As interest rates rise and treasury bond rates approach the historical average of 2.5% to 3%, the annual interest expense on that debt will exceed $1 trillion. That’s $1 trillion, paid every year, that can’t be used annually for more productive government spending.
Which CBO analysis is correct?
Historically it is extremely difficult, often impossible, to defund a social program once the program has been implemented and funds disbursed. In fact, Congress is currently discussing a one-year program that is set to expire. Biden wanted to help households with children afford day care and other child related expenses. Last July, Congress passed a bill that would provide monthly advance checks for up to $300 per child. This was meant to be a temporary one-time program. But some members of Congress want to extend the payments into next year and beyond. Democrats, who hold the majority in both houses of Congress say these payments are critical to reducing child poverty. “We are not going to have a lapse in payments. That’s too important,” said Sen. Sherrod Brown (D-Ohio).

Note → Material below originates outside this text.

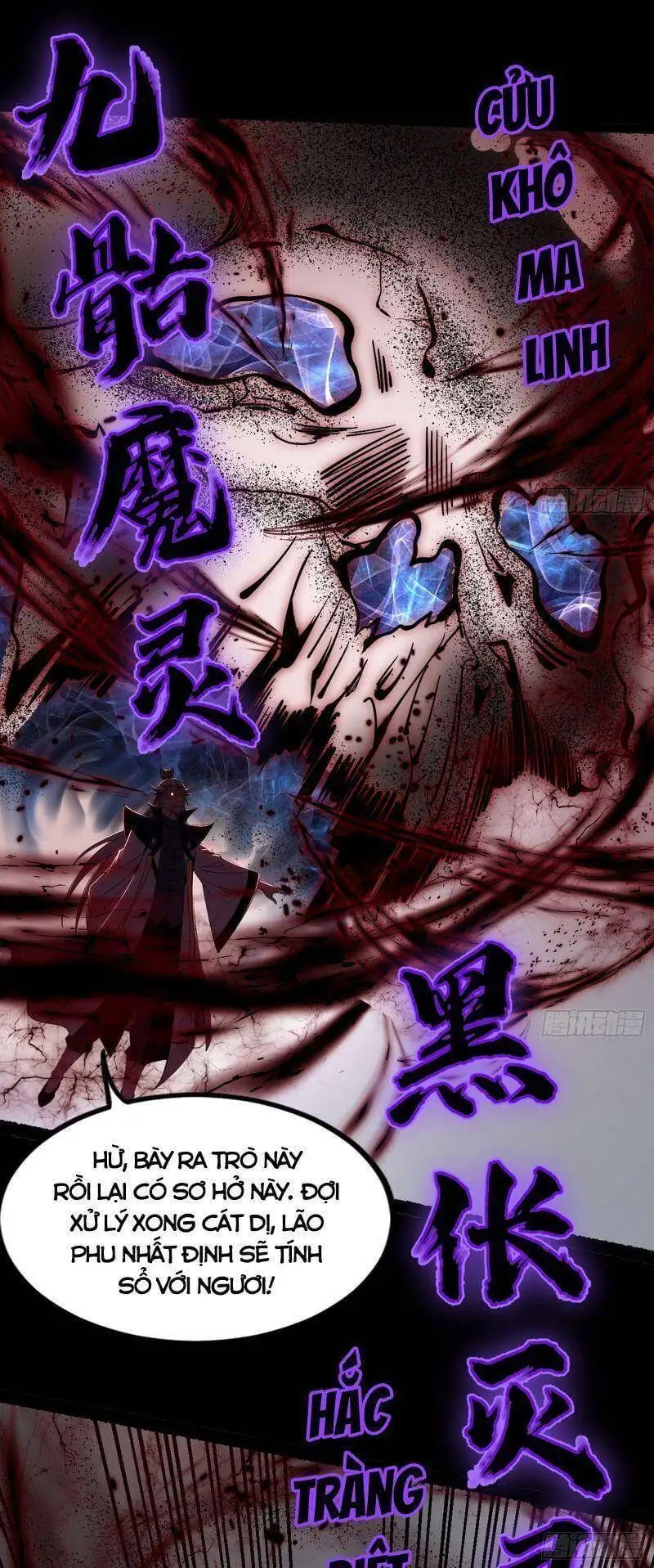 Chapter 299 - Image 51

This is exactly what would happen to all the “short-term” programs in BBB bill. The bill has “temporary” programs for child tax credits, funding for universal pre-K, expansion of the Affordable Care Act and an increase in SALT deductions.
As each of these programs sunset, members of Congress will not let them expire, meaning the programs would be in effect for the entire ten years and probably longer. This would help to ensure that budget deficits could be over $1.3 trillion annually.
That would place such a heavy burden on future generations that it could lead to a very precarious financial position since the public debt will be more than one a half times annual GDP.
The excess demand from Biden’s massive spending will cause an increase in inflation. He says his spending plans, which he claims are supported by 17 Nobel Prize winning economists, will reduce inflation. That is simply flat-out wrong.
They are also incorrect when they explain that if they raise taxes by the same amount as government spending, there will be no impact on inflation. Government spending increases demand. There will, however, be almost no offsetting decrease in demand. That’s because the tax increases fall on the upper-income earners.
Those households will still consume the same amount to maintain their lavish lifestyles. They simply will have less to invest. Since there will be no offsetting decrease in demand, the increased government spending leads to more excess demand and more inflation, not less.
Let’s hope Build Back Better bill does not pass.